[Extracted entries]
>>>

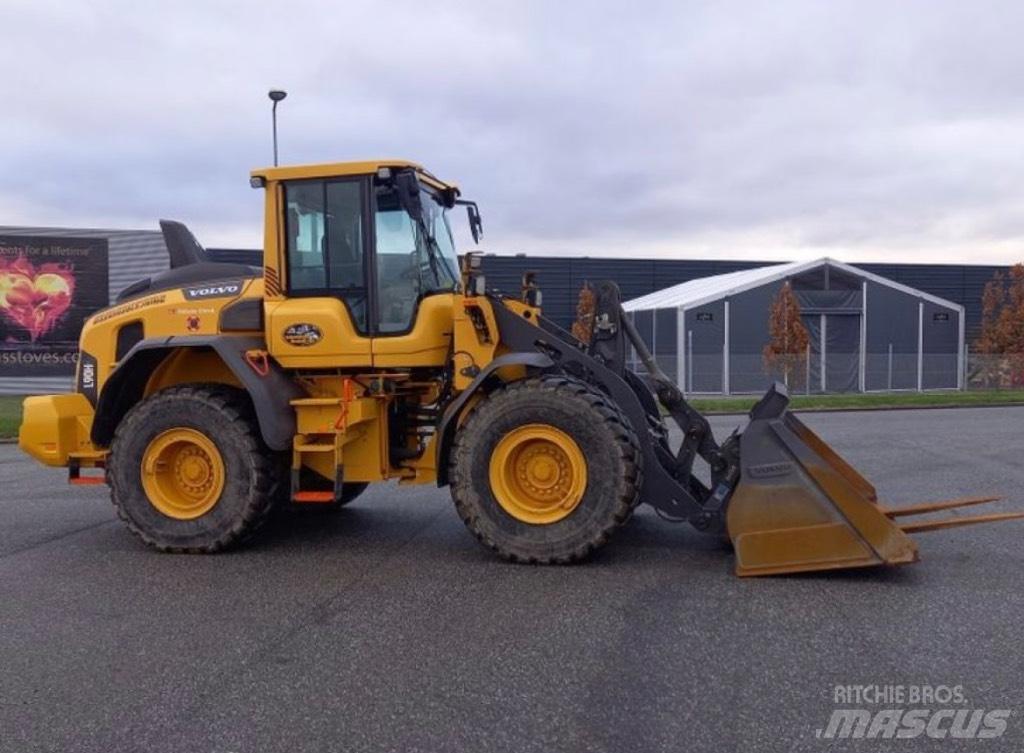 Volvo L 90 H Pyöräkuormaajat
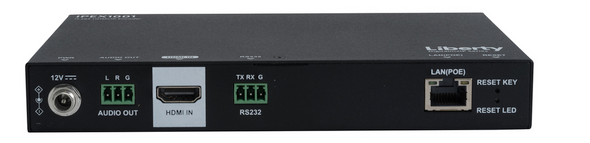 Liberty Cable IPEX1001 DigiIP 1000 Series AV/IP Encoder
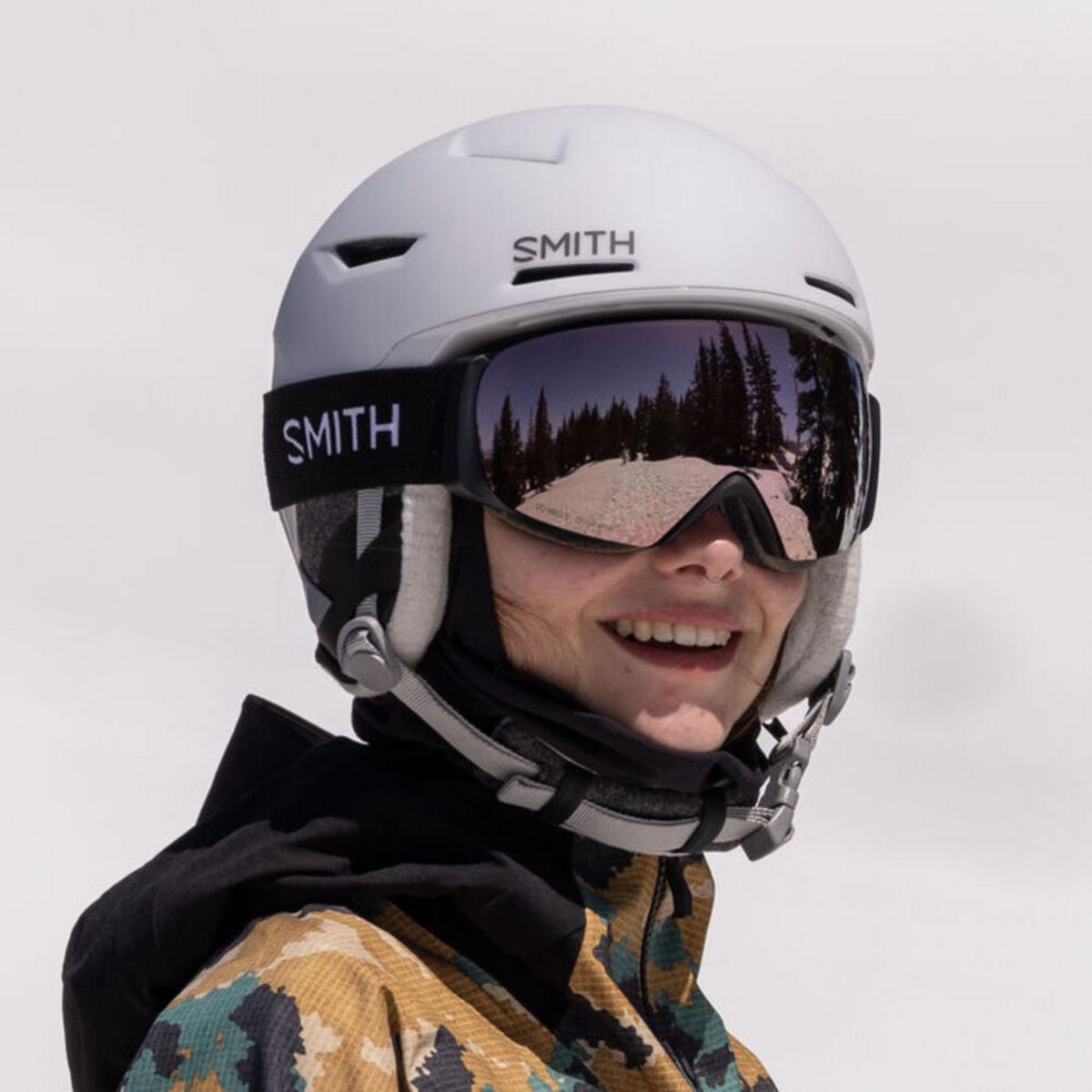 Smith Optics Women's Vida MIPS Ski Helmet - Matte White Smith Optics Women's Vida MIPS Ski Helmet - Matte White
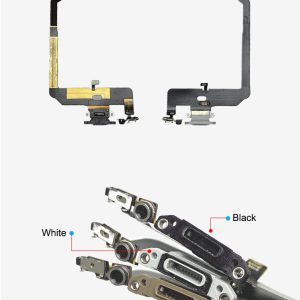 Dock Connector Charging Port Flex Cable Replacement Parts for iPhone Xs / Xs Max
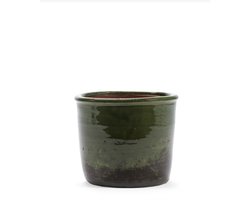 Serax Bloempot Groen D 20 cm H 17 cm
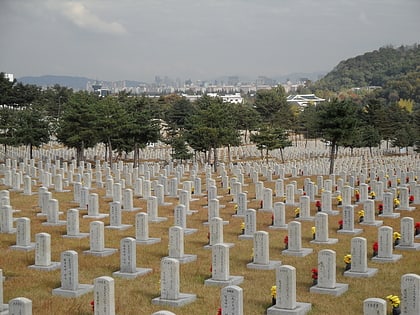 cimetiere national de seoul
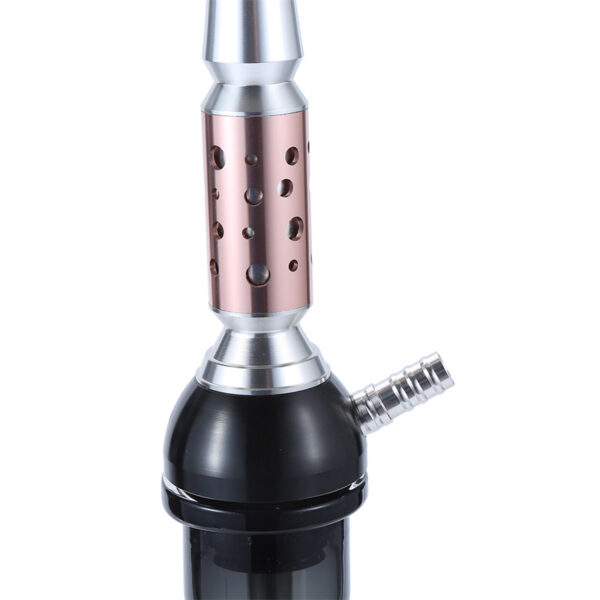 Large Hookah Set 1 Hose Premium Glass Hookah Kit with Shisha Accessories - Image 4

<<<

[Task details] Could you give the listing above again word for word, without any pictures?

[Answer area]
 Volvo L 90 H Pyöräkuormaajat
 Liberty Cable IPEX1001 DigiIP 1000 Series AV/IP Encoder
 Smith Optics Women's Vida MIPS Ski Helmet - Matte White Smith Optics Women's Vida MIPS Ski Helmet - Matte White
 Dock Connector Charging Port Flex Cable Replacement Parts for iPhone Xs / Xs Max
 Serax Bloempot Groen D 20 cm H 17 cm
 cimetiere national de seoul
 Large Hookah Set 1 Hose Premium Glass Hookah Kit with Shisha Accessories - Image 4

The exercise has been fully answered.